Early Life of Bal Gandharva
Bal Gandharva was born in the year 1885. But there is some controversy between 1885 and 1886. He was born Narayan Shripad Rajhans in Pune. He had a sweet cherubic face and divine voice. He started singing at public functions as a boy, and, heard by nationalist leader Bal Gangadhar Tilak. Bal Gangadhar Tilak was felicitated by him as Bal Gandharva as 'young celestial singer'. He joined the Kirloskar Natak Mandali in 1905 and breathed new life into it with the roles of Kirloskar's established heroines Shakuntala in Shakuntat and Subhadra in Sanbhadra, and created the brave-yet-coy part of Bhamini in Khadilkar's Manapaman i.e. 'Honour and Dishonour' in 1911.

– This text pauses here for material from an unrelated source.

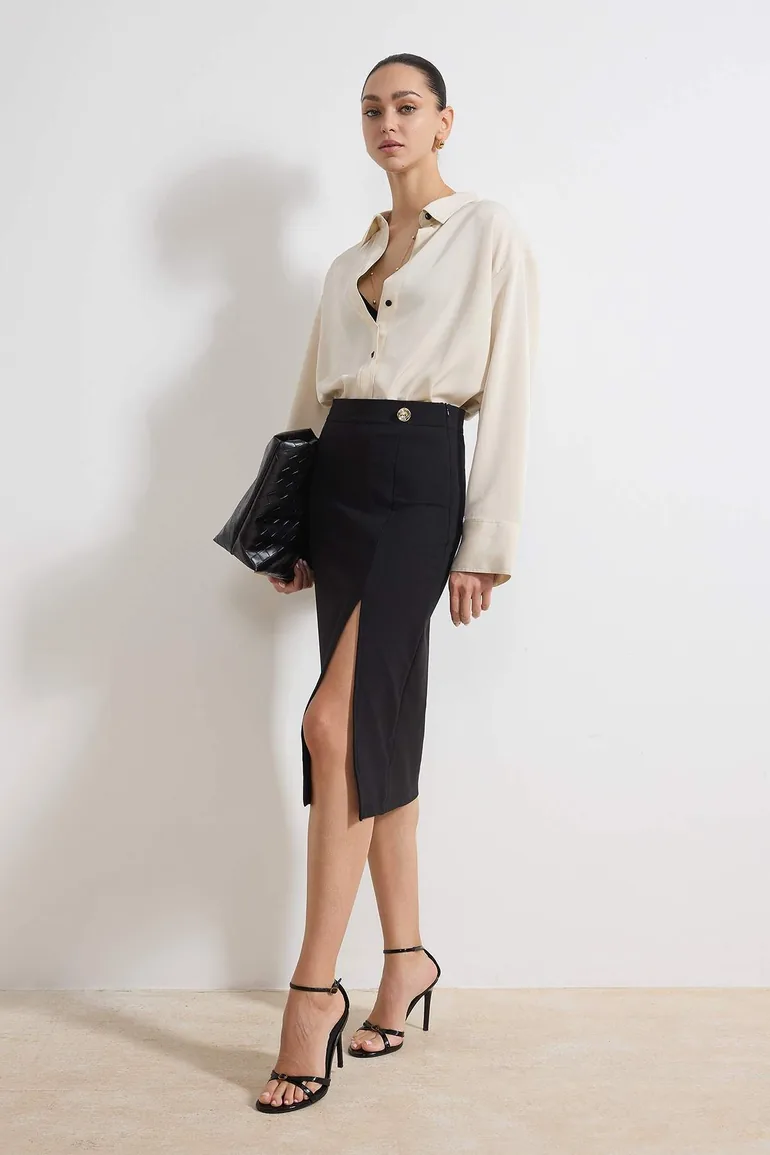 Black Fish Accessory Detailed Regular Waist Midi Scuba Crepe Knitted Skirt - 1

Professional Life of Bal Gandharva
In 1913 Bal Gandharva established his own Gandharva Natak Mandali in partnership with Govindrao Tembe and Ganesh Bodas, who trained him in acting, and playwrights Khadilkar and Deval. The range of his characters was wide, from mythological to historical and social, but always emotionally expressive. His classical roles include Subhadra, Shakuntala, and Devyani or Khadilkar's Vidyaharan, his domestic ones are Bhamini, Sharada i.e. Deval's Sharada, Revati i.e. Deval's Samshaykallot, Sarojini i.e. Shripad Krishna Kolhatkar's Mukanayak, and the unforgettable, self-sacrificing Sindhu in Gadkari's Ekach pyala i.e. 'Just One Glass' in 1919. The elegance of his female impersonation made middle-class women emulate his style and costume, particularly the fashionable coiffures and drape of his saris. His posture epitomized the classical tribhangi i.e. thrice bent' pose of head and legs gently angled to the body, looking with three-quarters profile at the spectators. He influenced and set standards of aesthetic sensibility even for movies. But after entering into cinema he portrays the male saint-poet Eknath in Dharmatma i.e. 'Soul of Dharma' in 1935. But he soon rejected film acting as he was uncomfortable.

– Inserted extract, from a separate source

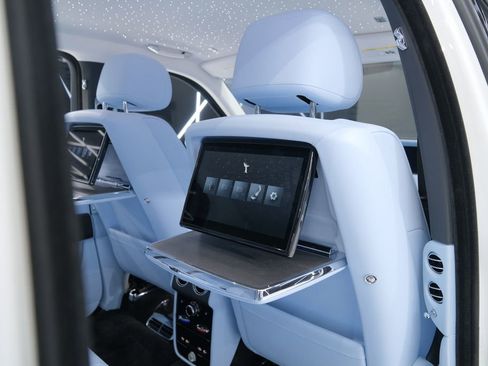 Used 2026 Rolls-Royce Cullinan image 50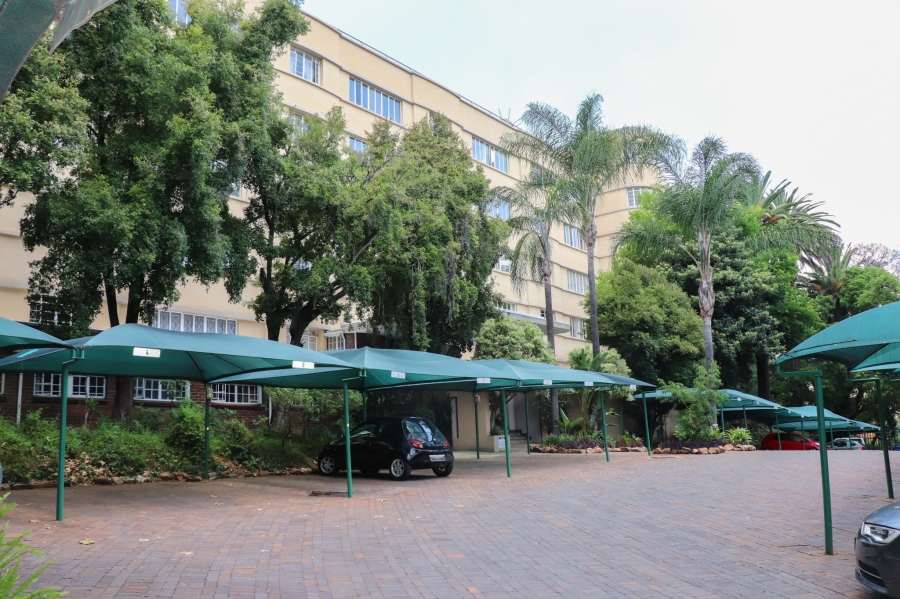 2 Bedroom Property for Sale in Upper Houghton Gauteng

Bal Gandharva learnt Indian classical music from Bhaskarbuwa Bakhle and employed it in evoking various rasas with unsurpassed dramatic intensity. He popularized Hindustani and Carnatic classical by basing his songs on authentic forms such as khayal, thumri, dadra, and ghazal, thereby reaching classical music from the concert halls into kitchens and women's rooms. He founded a vocal idiom conducive to acting with his clear, melodious voice, sense of rhythm, and endearing modulations. According to Tembe, he managed to achieve an impossible synthesis of organ and sarangi i.e. instruments completely diverse in nature and in his singing. Gandharva Natak Mandali also launched such great vocalists as Pandharpurkar Buwa, Vinayakrao Patwardhan, and 'Master' Krishnarao, and accompanists like Ahmadjan Tirakawa in tabla and Kadar Baksh in sarangi. Unfortunately, Bal Gandharva's extravagant tastes in personal and professional life led him into heavy debts. He was too proud to accept a purse of Rs 1.5 lakh collected by his rich fans. His company was famed for lavish sets such as arches and staircases, carpets, and period furniture, drapery of satin, velvet, and gold, the stage sprayed with perfume, and production budgets up to Rs 75,000. It carried on the work started by Kirloskar in popularizing Sangitnatakand eventually dominated the genre.
However, after the emergence of realistic Marathi theatre it gradually lost its hold. Ironically, Bal Gandharva left it in 1944 to perform elsewhere. He married the singer-actress Goharbai in 1955, and lived in retirement in Mumbai. This famous theatre personality died in the year of 1967.